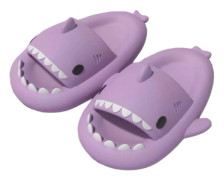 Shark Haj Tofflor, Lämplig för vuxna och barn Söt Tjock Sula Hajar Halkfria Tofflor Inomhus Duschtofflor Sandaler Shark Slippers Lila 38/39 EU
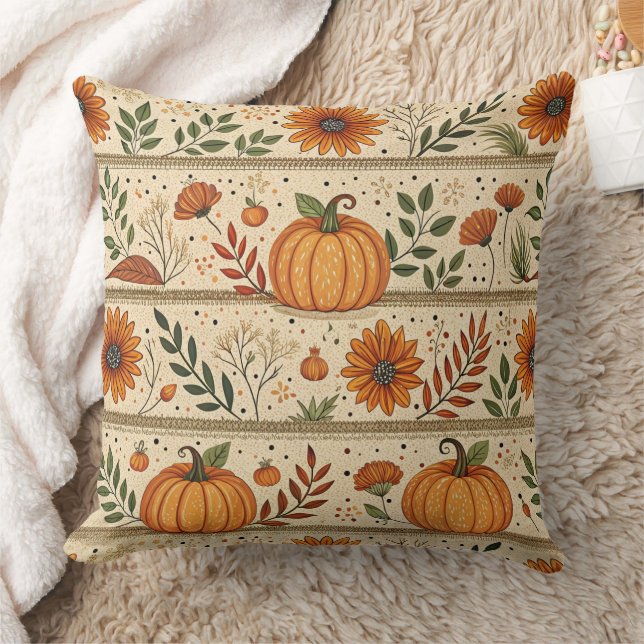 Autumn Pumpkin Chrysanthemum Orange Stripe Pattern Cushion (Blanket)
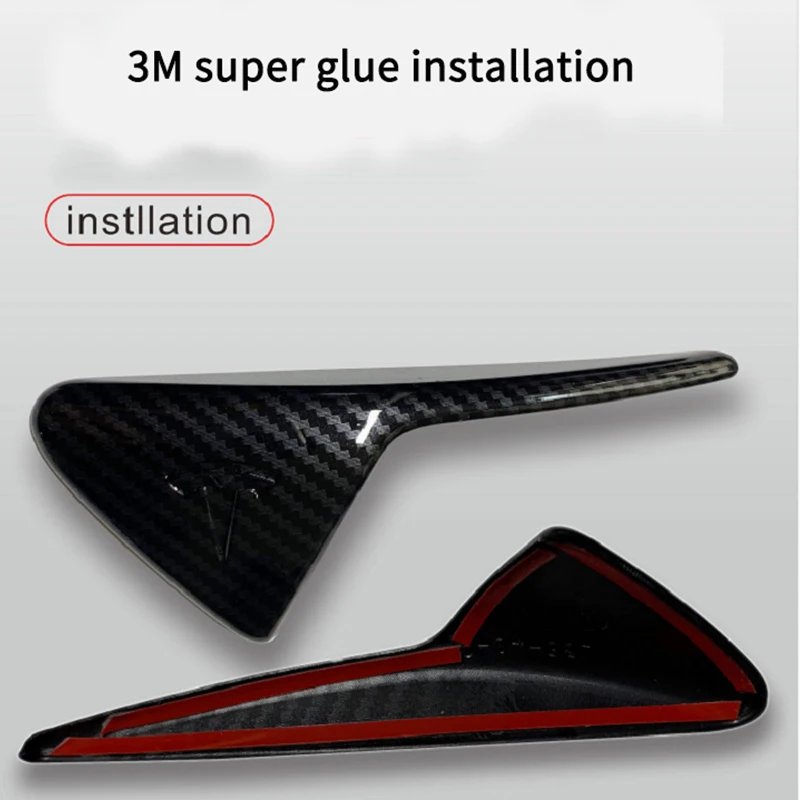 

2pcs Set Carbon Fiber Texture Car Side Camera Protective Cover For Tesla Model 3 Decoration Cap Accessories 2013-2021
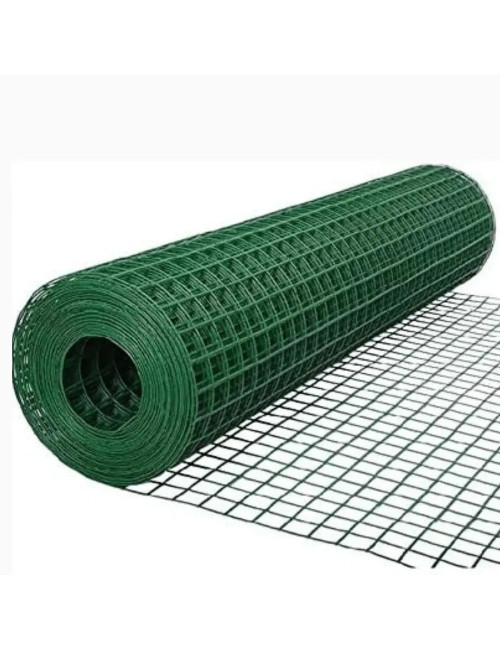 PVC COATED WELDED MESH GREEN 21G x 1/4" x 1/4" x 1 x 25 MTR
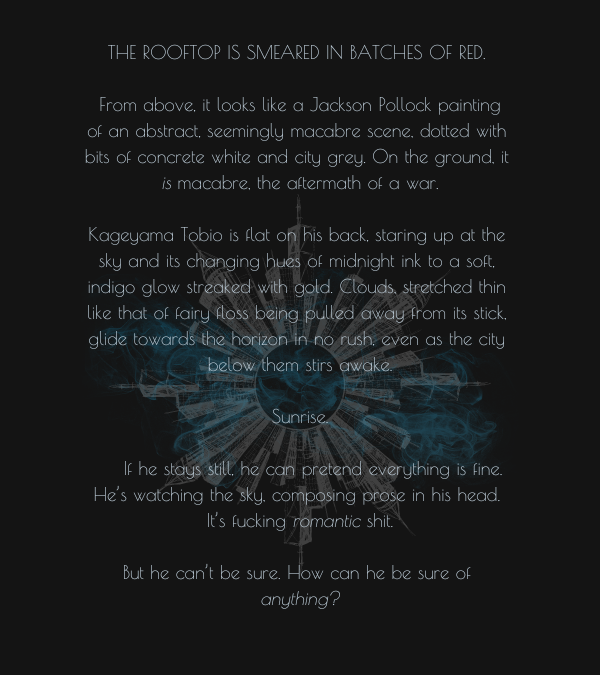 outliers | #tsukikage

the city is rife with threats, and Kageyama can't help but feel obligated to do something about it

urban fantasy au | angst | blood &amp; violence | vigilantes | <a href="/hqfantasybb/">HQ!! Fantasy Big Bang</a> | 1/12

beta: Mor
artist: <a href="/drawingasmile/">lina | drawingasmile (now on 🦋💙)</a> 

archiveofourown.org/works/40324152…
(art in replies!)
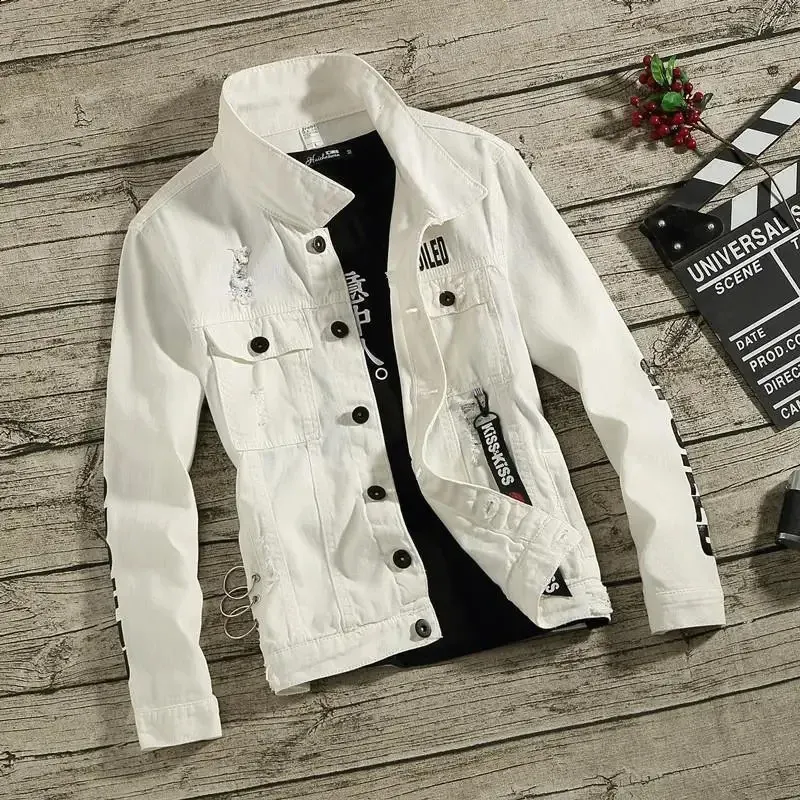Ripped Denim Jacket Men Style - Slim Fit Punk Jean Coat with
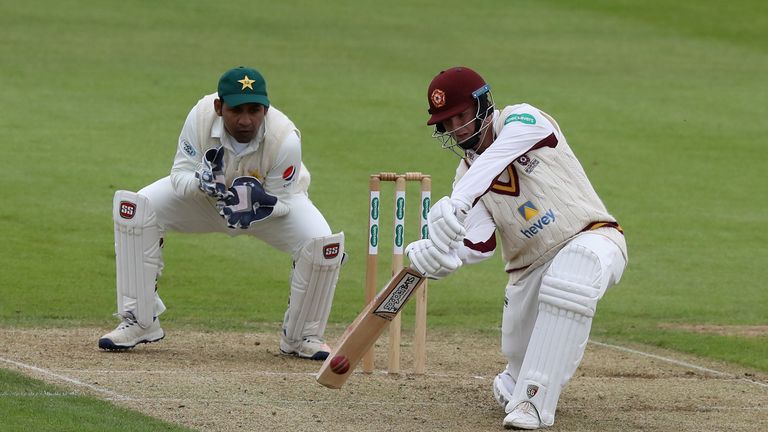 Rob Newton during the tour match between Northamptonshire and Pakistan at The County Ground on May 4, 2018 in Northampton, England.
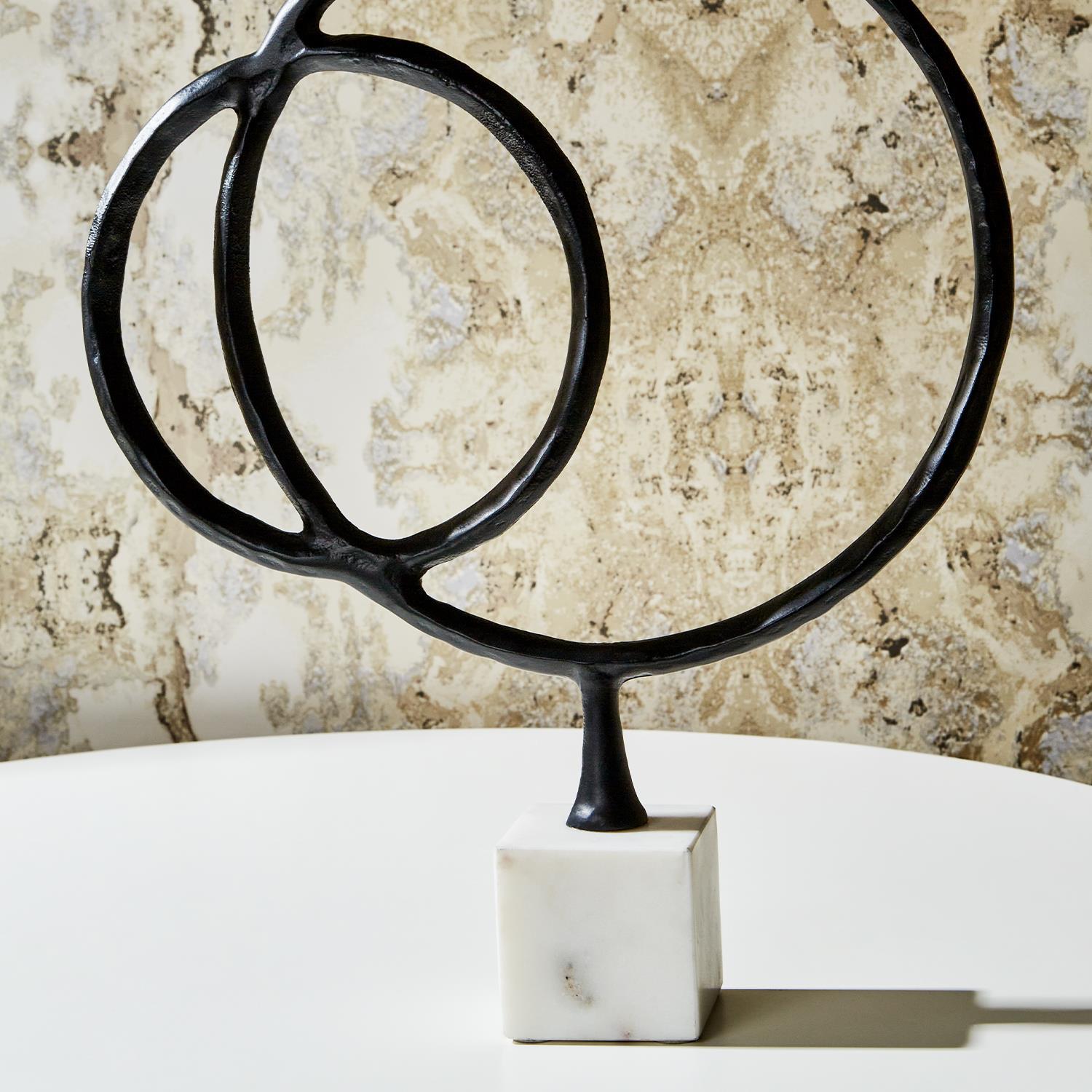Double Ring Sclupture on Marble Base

> _TASK ITEM_: Scan the lines above, and whenever one holds the string "href", copy it.

> _RESPONSE TO THE TASK_:
urban fantasy au | angst | blood &amp; violence | vigilantes | <a href="/hqfantasybb/">HQ!! Fantasy Big Bang</a> | 1/12
artist: <a href="/drawingasmile/">lina | drawingasmile (now on 🦋💙)</a> 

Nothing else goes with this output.